I started to make comparisons to some of the "Greats" who's lives have impacted the world on a much grander scale.That's when I felt even more sure about my response, because once again in my mind, I hadn't even scratched the surface when it came to doing anything that I would say makes this world better. I thought about the planet and all the problems within it. I imagined myself surrounded by people suffering, wars, racism, abuse, hunger,
helplessness, homelessness, crime and the list goes on feeling helpless in the midst of it all. Her question struck such a nerve that I decided to pray and meditate about it, because I wanted to be sure that I was looking at this from the right perspective.
At some point during my meditation, a shift in my thinking took place. My vantage point changed & I then thought about all of the kind gestures and amazing things we do for others, our animals, and the environment every day. It began to make more sense to think that collectively, our small acts of love, gratitude, and kindness affect the world in a major way. Giving the gift of a hug or a smile to someone during their darkest hour actually may not seem like much, but for that person, it could make all the difference in the world.
I understood that saying I don't make the world better by being in it is the same as saying that the things that I've done to make someone's day better counted for nothing. It's like saying that the love that I shower my children with doesn't matter and won't make a difference in the type of
compassionate, loving, and caring adults they will become. Standing outside all day in the cold to help feed the homeless, or waking men and women up at 6 am on the streets of Downtown Atlanta to offer them a warm bed to sleep
in at a near by shelter is all in vain. I should be saying, "No Way," to that. It may not be as much as I would like to do but those are gestures that come from my heart with hopes to make some
type of difference even if it is on a smaller scale. The great thing about it is the fact that there are millions of others just like me doing the exact same
things and together we make it huge. Together we make the world a better place.

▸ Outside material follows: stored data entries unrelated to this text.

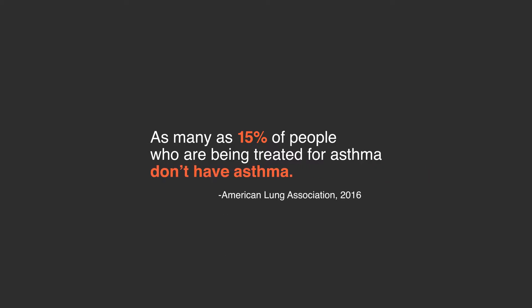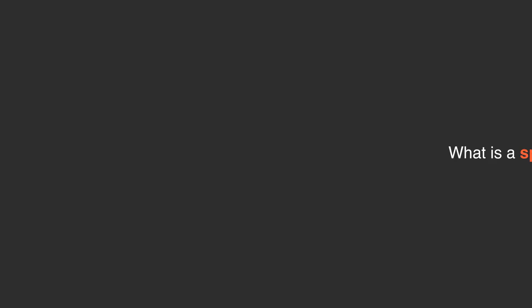With the spirometer we can make a faster diagnosis and a more appropriate diagnosis for children and adults with asthma. The spirometer is a device that we use to measure lung function — basically measuring how big the lungs are and how fast the air comes out of our patients.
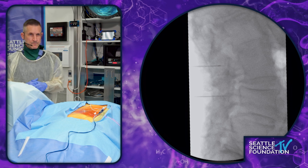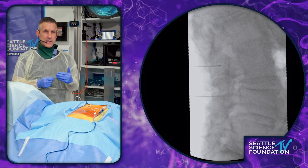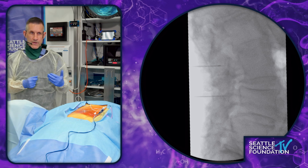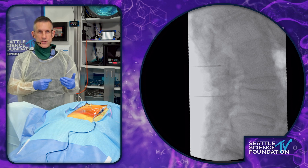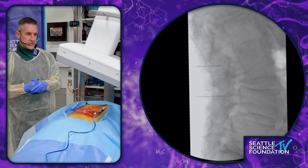Then I go to a straight AP picture. Three images to see that I'm in the right place and that I'm not going to harm my patient. We always set out to make our patients better, and just by taking a few precautions — using the right tools and knowing the tools you're using — it decreases the risk substantially.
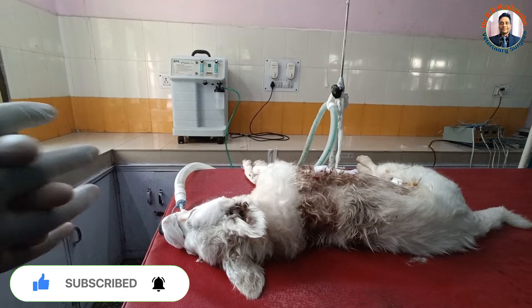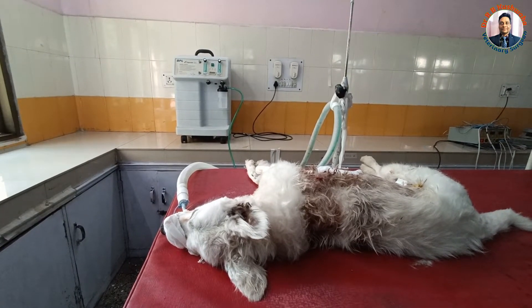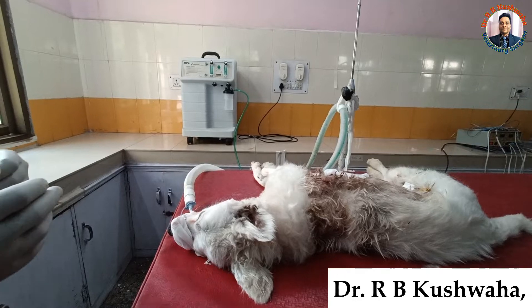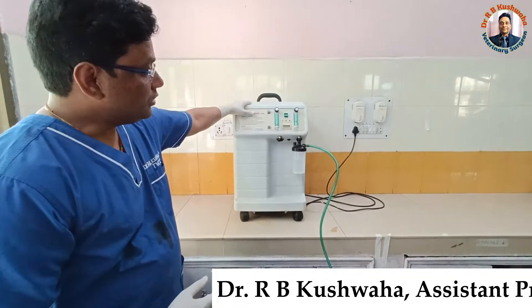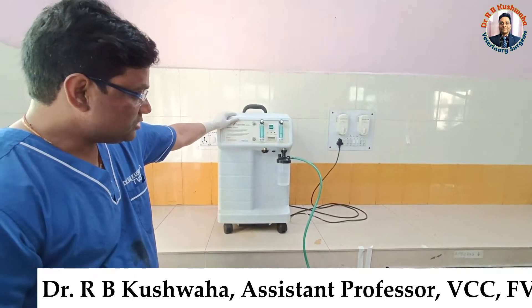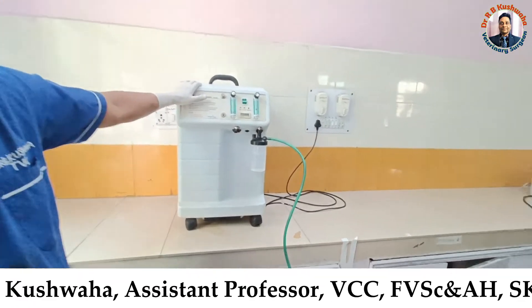Today I am going to demonstrate how to utilize the oxygenator for the animal for providing oxygen during anesthesia. You need only two things. One is the oxygenator. This oxygenator, during the COVID-19 pandemic, saved the lives of a lot of human patients. It is very effective for humans, but we can also utilize it for animals as well.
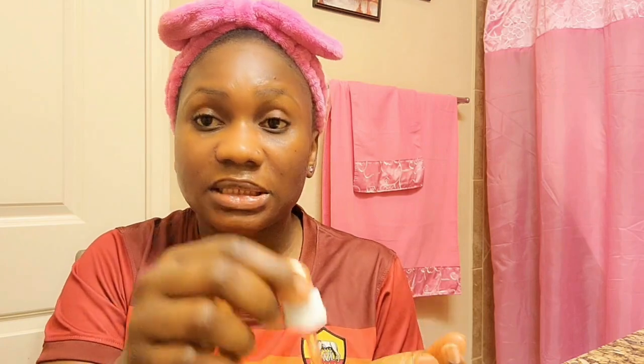I usually always put rose hip oil on my skin but I stopped doing that — I only use it when I want to do this treatment to remove dead skin, that's when I use rose hip oil. So you can see I've applied the oil on my skin. Now I'm gonna use the blade to scrub off the dead skin. The oil helps soften the dead skin cells and makes the process go smoothly with the blade.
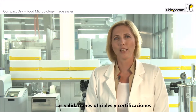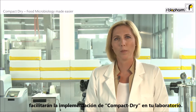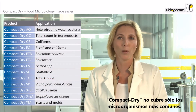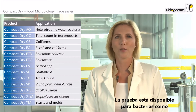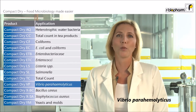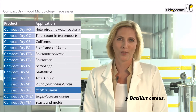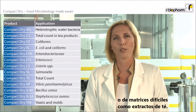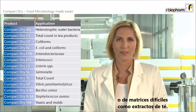The official validations and certifications will make implementation of Compact Dry in your laboratory easier. Compact Dry does not only cover the most common microorganisms — the tests are also available for bacteria like Listeria, Vibrio parahaemolyticus and Bacillus cereus. You can also use Compact Dry for water testing or testing difficult products like tea extracts.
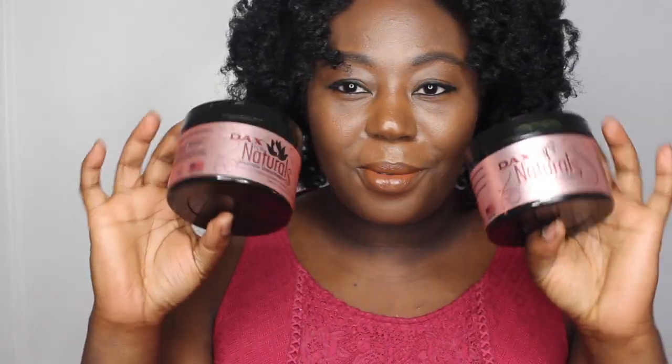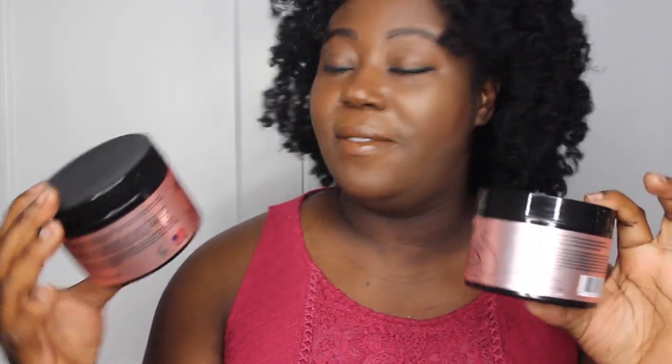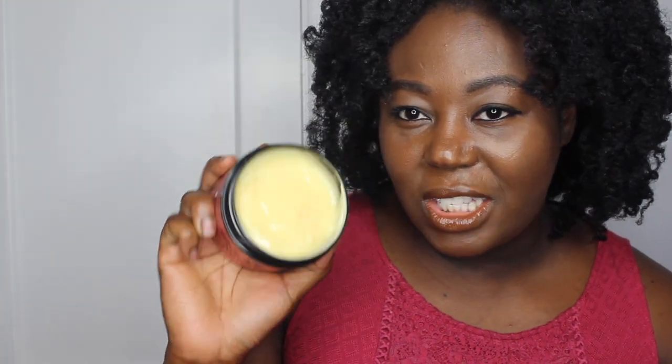The next two products come in these beautiful containers — I really like them — and these are each 7.5 ounce products. The first is the DAX for naturals protein treatment, and it has broccoli seed oil and Jamaican black castor oil. One thing I notice is that a lot of protein treatments don't smell pretty, but this actually has a really good smell and a yellowish color. I don't go out of my way to do protein treatments, but I'm happy to have a product I can just apply easily.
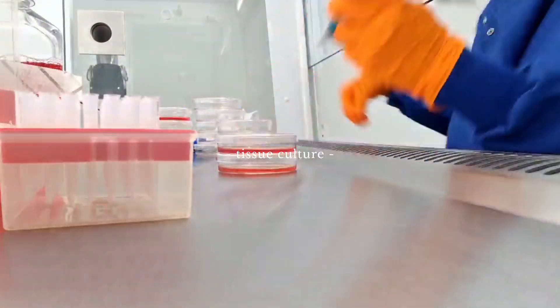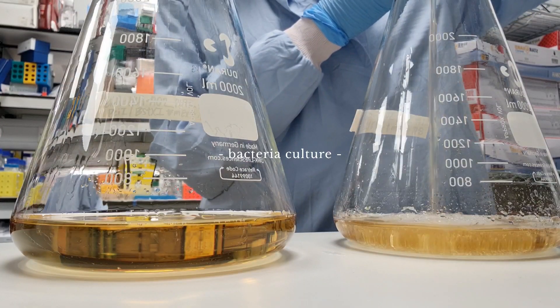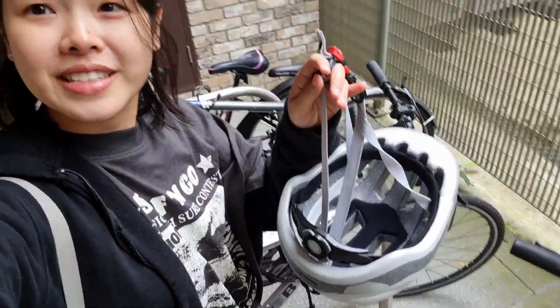Hello! It's a Sunday afternoon today and I'm heading into the lab because I need to change some media for some of the stem cells and also set up some bacteria cultures to do some maxi preps tomorrow. So I'll be cycling in today. Let's go!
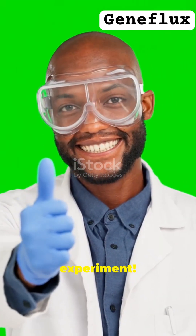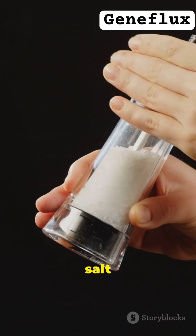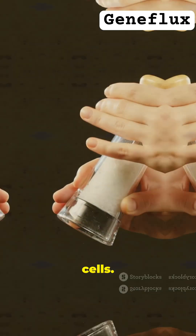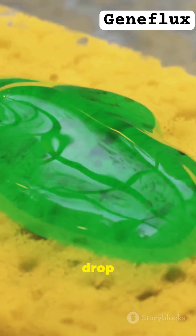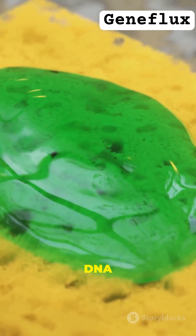Ready? Let's do the experiment. First, smash that strawberry until it's super mushy. Next, sprinkle a pinch of salt — that helps break up the cells. Now, add a tiny drop of soap. The soap opens up the cells.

Every time you inspire someone, make a person laugh, save a life, or touch someone's
heart, you make this world better just by being in it, just by being you. If every kind hearted, compassionate, or loving person was removed from this planet, who would be left behind and what would be the consciousness of the planet? I don't even want to imagine the answer to that question. I learned from within myself just by quieting my mind and digging for the real answers that we don't
always have to do things on a large scale to make this world better. Every little thing counts and collectively, we make it better.
However, on the same token, it is still very important to understand that we are
capable of doing more and becoming more if that's what we want. Who's to say that you are not like the forefathers, leaders, teachers, humanitarians, and
philanthropist you admire? Who's to say that your not already that person and your moment just hasn't come to pass? No one. At any given point in our lives we can always make the decision to go the extra mile and give a little more,
speak up a little more, and do a little more for the people we love, for our communities, our country, and even our planet. The bottom line is, we all have
it in us to create more of a positive change in the world by operating in love no matter if it's by doing something big or small, because somehow it all works together some kind of way.

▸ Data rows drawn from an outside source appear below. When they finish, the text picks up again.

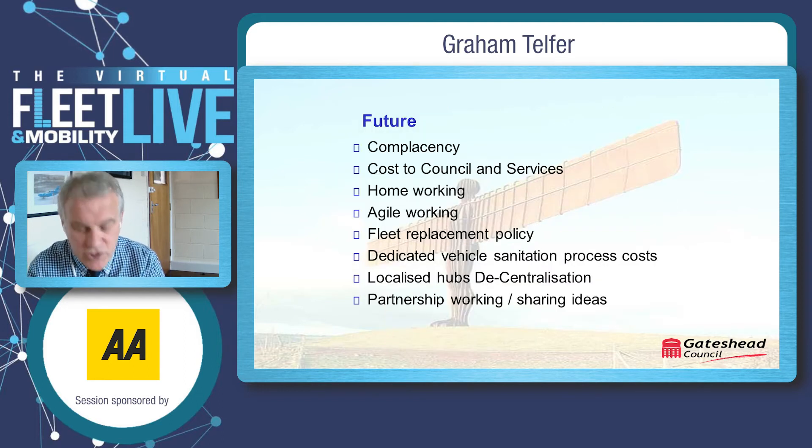Regarding the future: as we have entered the second phase of COVID, reappraisal of our operation has been essential as complacency has crept into the organisation in some areas. To address this we have introduced new poster campaigns and updated toolbox talks, carried out weekly to ensure social distancing and mitigate the spread of the virus. The cost of the pandemic to date within the council is circa £8 million.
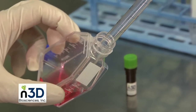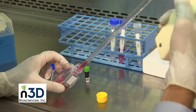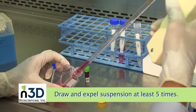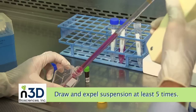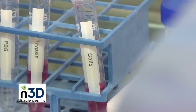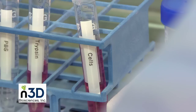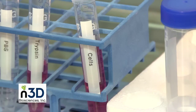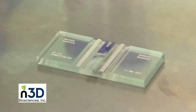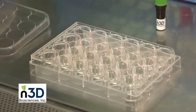Now draw the cell suspension with a sterile pipette. Expel the suspension back into the flask to rinse the inside surfaces — repeat at least 5 times. Check again under a microscope to ensure the cells are in suspension. Redraw the entire cell suspension into the pipette. At this time, the cells should be counted. If needed, dilute or concentrate detached cells to obtain the desired cell concentration.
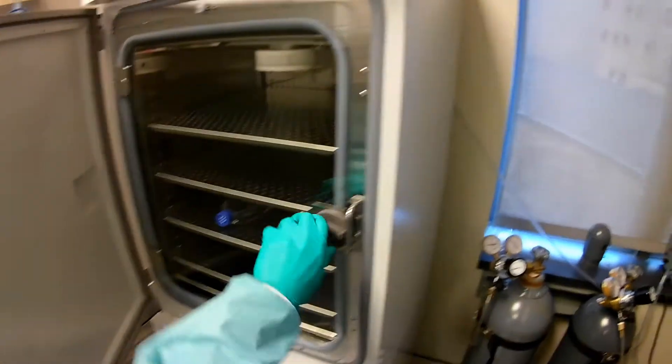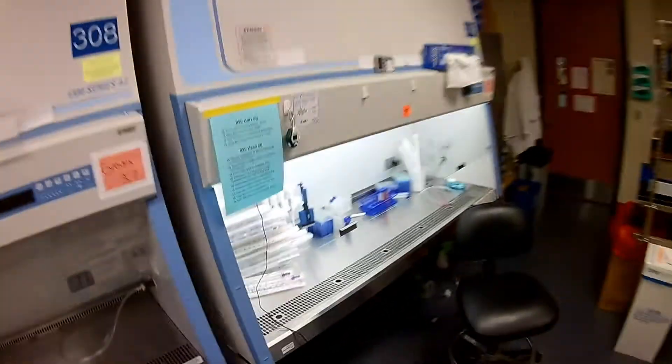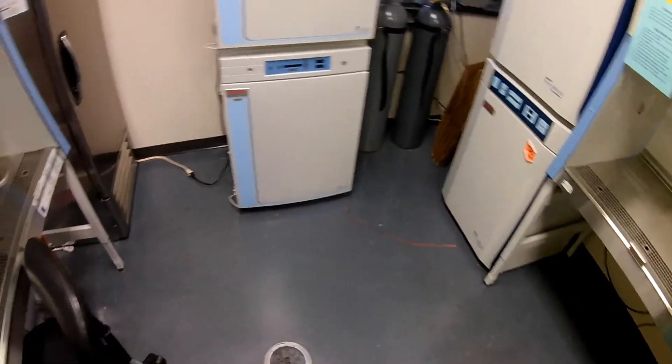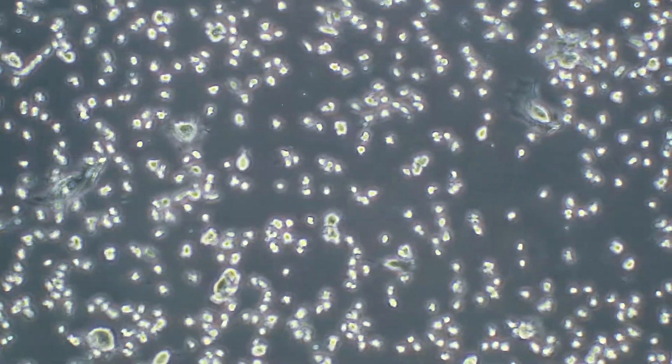We're at about 3:23. Let's go get it out now so I can show you what it looks like and decide if the cells are unattached. We're going to head over to the microscope to check it out. The cells are all rounded really well. There were a couple maybe still attached — we'll just give it a little tap with our hand. All the cells are pretty much detached and moving around. We're in good shape.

Knowing this truth has changed my whole perspective on the question that my mother asked. So, if you ask me if this world is a better
place because I'm in it,.........I'm gonna always be like, "Heck Yeah!" because I have now realized my truth, and I now know and understand my
worth. All it took was a little time to myself, prayer and some meditation for clarity and truth to the thought provoking question my mother asked my little bro. I just love it when she does that.